I guess it’s the kind of the age-old unanswered question. I’ve seen lots of bad things happen over the past 25 years I’ve been a nurse. A toddler drowned trying to retrieve a toy from a 5 gallon bucket of water, a 16 year old felt he was indestructible and became an organ donor after losing a game of Russian Roulette, a family lost both of their children to two different types of cancer in two years, a colleague died of melanoma after decorating for what she knew would be her last Christmas with her children.
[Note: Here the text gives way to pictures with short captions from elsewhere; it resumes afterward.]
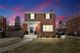 1338 Norfolk, Westchester, IL 60154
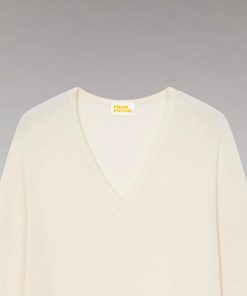 Lynnstephens.shopd469765521 2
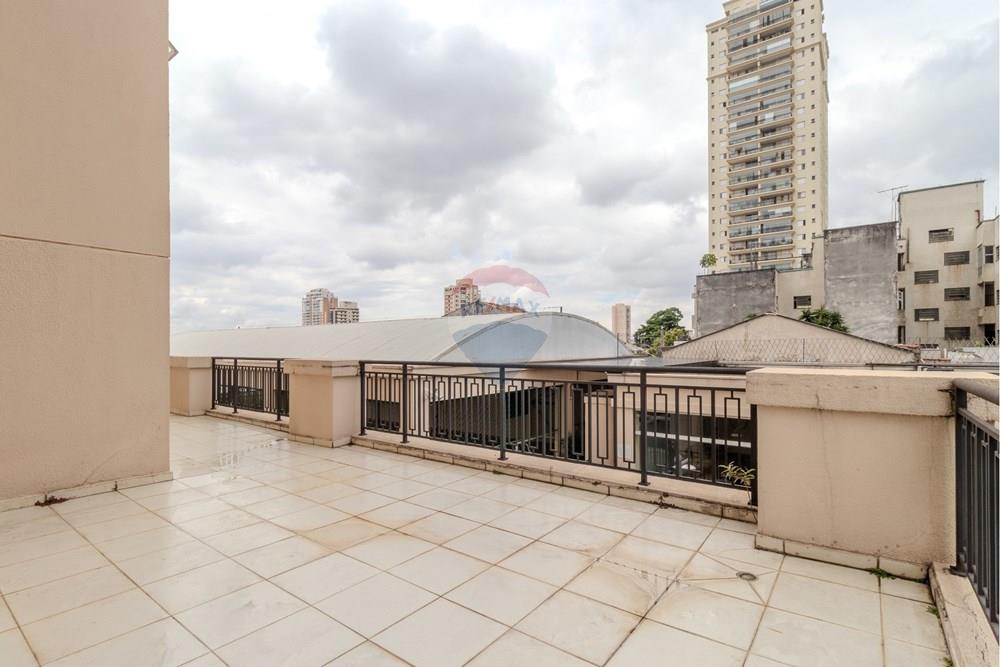 Apartamento - Venda - São Paulo , São Paulo - 01fotos_037.jpg - 601251022-153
A teen became a forever quadraplegic after being struck by a stray bullet in a bad neighborhood, a young mother died of an asthma attack just after giving birth to her first and much waited for daughter, my four year old disabled nephew died, a woman was diagnosed with advanced appendix cancer 4 hours after giving birth to a child she waited nine years to conceive. On and on.
Bad things happen to good people all of the time. I’ve been a witness to that for decades. Faith in an all-loving and all-powerful God doesn’t seem to offer much protection from life’s difficulties. God lets bad things happen all the time. God often answers no to prayers.
What I’d seen before as a nurse is only compounded by what I’ve seen as an almost 7 year member of the cancer community. Life is tough, life is hard, life is very often very unfair. The unfairness is sometimes incomprehensible.
I read several books on my journey back to faith…including many good ones by Philip Yancey. He asks the questions many of us are afraid to ask. I love his fearless honesty. Disappointment with God, Where is God When it Hurts?, Prayer: Does it Make any Difference?, Soul Survivor: How My Faith Survived the Church, Church: Why Bother?. Those are titles of some of his books. He asks the tough questions out loud, and I tag along reading his books as he searches for answers. I am grateful for the work he does for me. I have asked and often still ask all of those same questions.
In one of his books, Yancey explores a case of children institutionalized in communist Germany who were severely mentally handicapped and totally dependent. Children who never served a “purpose” in the way most of us define purpose. Many people who were involved in the handicapped children’s care were later interviewed, and it turned out they had been profoundly affected. They developed patience and tolerance. They developed a sense of appreciation for wellness. They felt needed and significant. It turned out the handicapped children had a profound effect on many of the people who’d been in contact with them. The children made a difference in a way many of us who are able-bodied will never. Their lives, their suffering, had purpose and meaning.
I think of Abraham Lincoln….he grew up in poverty, his mother died when he was only 10, he was estranged from his father, both of his siblings died, the step-mother he loved suffered from mental illness, three of his own four children died before reaching adulthood. I wonder if maybe all of those circumstances in the end carved his character and made him the person who was able to liberate thousands of people, who fought for justice, who changed our country forever.
I now see this life as very short in light of eternity. We are really just here for an instant. I think now that the tough things we experience are really just short blips in the grand scheme of things. They are dark threads in a tapestry we only see from the underside now but will one day appreciate when can we see the whole work of art. Though overwhelming now, pain is actually a very temporary thing.
I now truly trust there is an artwork in progess, and I dream of seeing the finished product, of having the answers, of being able to understand what is so illusive now from our perspective here.
I trust and believe that one day we will have those answers, that it will all make sense. And I very much look forward to that day. When we will see the beauty from the ashes. It’s what Easter is all about.